On a day that I couldn’t find a climbing partner, I decided to run/walk the non-climbing sections of the route plotting a track on CalTopo. It was on that day that I realized that it really was possible. Sure there was a question mark here and there, a few routes that I wanted to climb first before including, and really work on my endurance. I excitedly sent Jason a message that I finally had something useful to provide, thinking that my beta could give him the keys to unlocking his own plans. We had a phone conversation about the track, looking it over, discussing the climbing routes and the challenges I foresaw. Still in the back of my mind, I was thinking that I’d be in a place to give it a go in Fall of 2023 once those previous concerns were a bit more sorted.
On the Saturday of Labor Day, I received a message from Jason, asking what I was up to the rest of the weekend. Then, all of a sudden, we were going to give it a go."
In short:
Follow this route - https://caltopo.com/m/3S610 - do your best to follow this precise route.
Start your "SELL Grand Tour of Smith Rock" at the Gate
Run to Marsupials Traverse (5.8, 10 guidebook pitches) - there are only a few movements of 5.8 the rest is easier - mandatory rappels
Run to Birds in a Rut (5.7, 6 guidebook pitches)
Tag summit of Peak 4320
Run to First Kiss (5.7, 5 guidebook pitches)

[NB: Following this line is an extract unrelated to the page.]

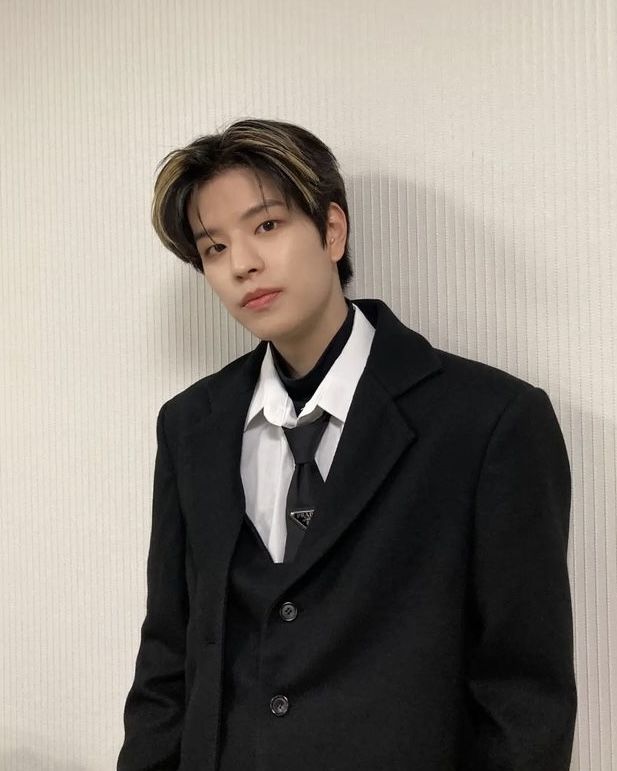 a young man in a suit and tie standing next to a wall with his hands on his hips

Tag summit of Misery Ridge
Run to Sky Ridge (5.8, 3 guidebook pitches) - a bit over a full pitch at 5.8, all else easier - not a recommended solo due to rock quality
Tag North Summit (5.2)
Tag South Summit (5.4 A1) - like a high ball boulder problem of aid climbing
Run around the Southern Peninsula and then back to the Gate
"What an unbelievable day! 11.2 miles, 4k feet, 25 guidebooks of rock, 10 hours and 13 minutes. I lead all the rock, and Jason kept us pushing forward on the ground. We remarked a few times that we made a pretty good pair for this endeavor. I think it was more than that. I did not think that this was going to be possible for me at that time, Jason was a huge part of convincing me. The time is now, the time is always now. The past is irreversible, and the future does not yet exist. Don’t wait!"